◆ **Provided records**
*****

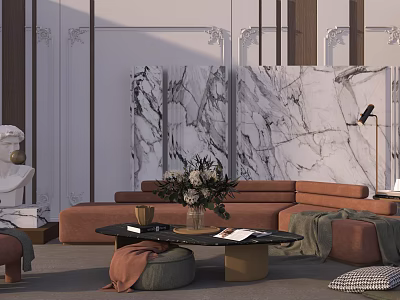 Stylish Orange Sofa and Coffee Table Set with Marble Wall Flower Vase and Books 3d model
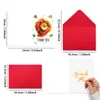 Cartão de Agradecimento Transfronteiriço 1 Peça/Conjunto, Cartão de Mensagem de Texto com Animal Africano de Desenho Animado, Dobrável com Envelope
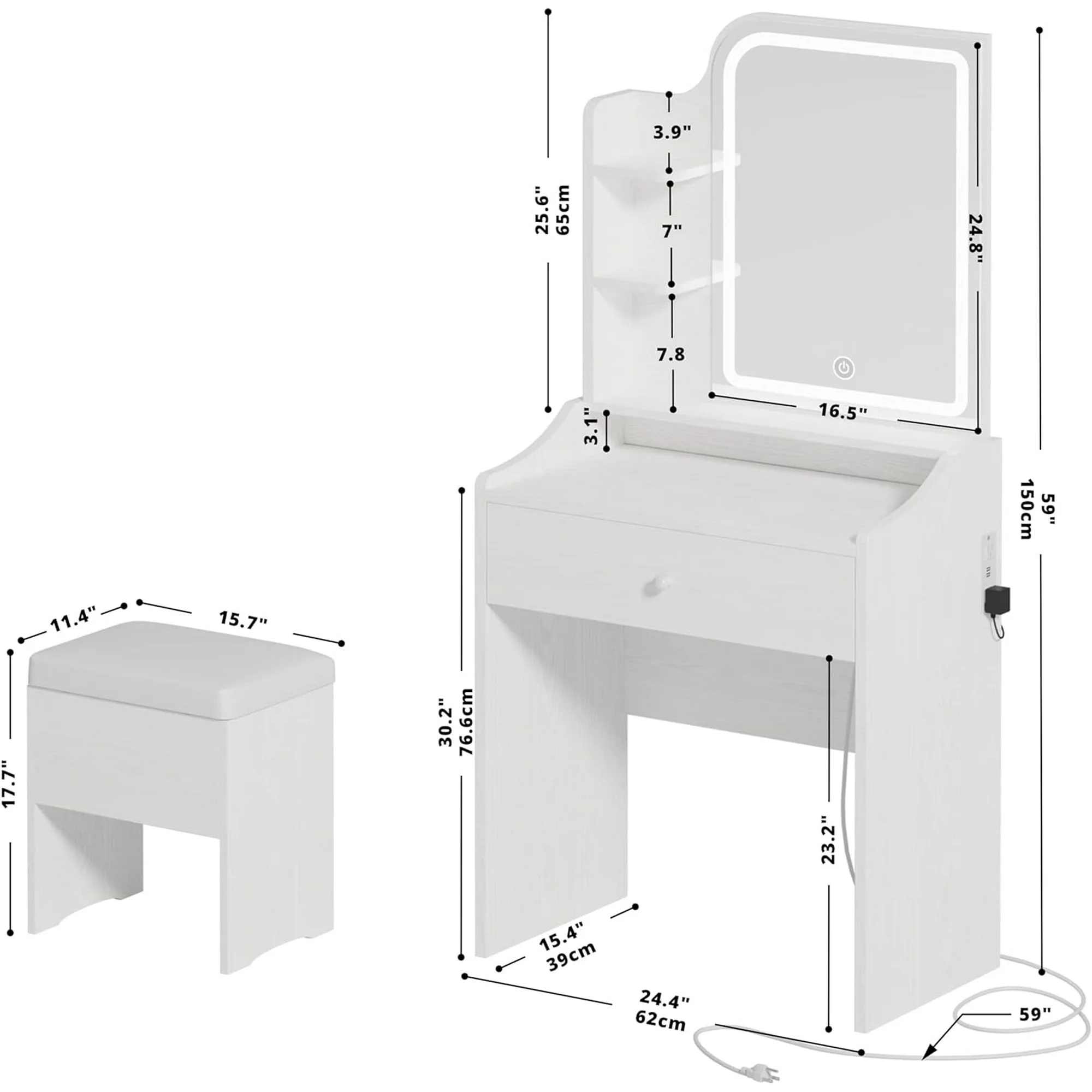 Small Vanity Table Set with LED Touch Mirror, Drawer & Stool, view 2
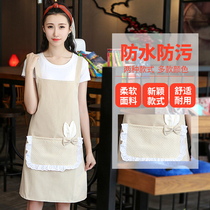 Korean fashion apron kitchen waterproof cute female oil-proof adult male long sleeve with sleeve vest vest vest style cooking home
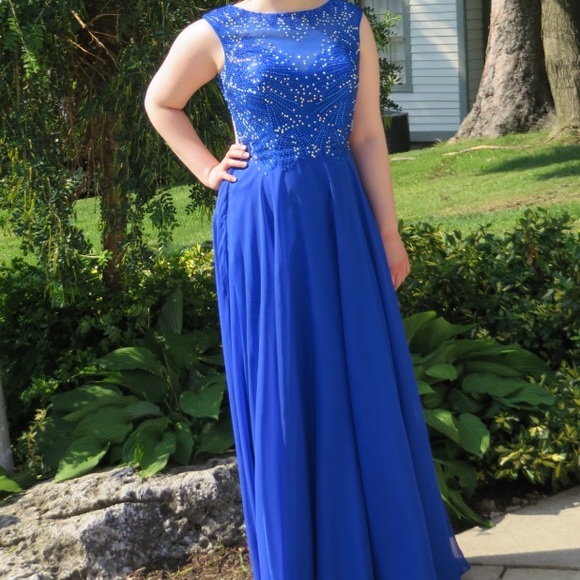 Royal Blue Sequinned Bodice Backless Prom Dress - Picture 1 of 12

*****

◆ **What is required**
Return all the lines above exactly; none of the pictures should appear.

◆ **Your solution**
 Stylish Orange Sofa and Coffee Table Set with Marble Wall Flower Vase and Books 3d model
 Cartão de Agradecimento Transfronteiriço 1 Peça/Conjunto, Cartão de Mensagem de Texto com Animal Africano de Desenho Animado, Dobrável com Envelope
 Small Vanity Table Set with LED Touch Mirror, Drawer & Stool, view 2
 Korean fashion apron kitchen waterproof cute female oil-proof adult male long sleeve with sleeve vest vest vest style cooking home
 Royal Blue Sequinned Bodice Backless Prom Dress - Picture 1 of 12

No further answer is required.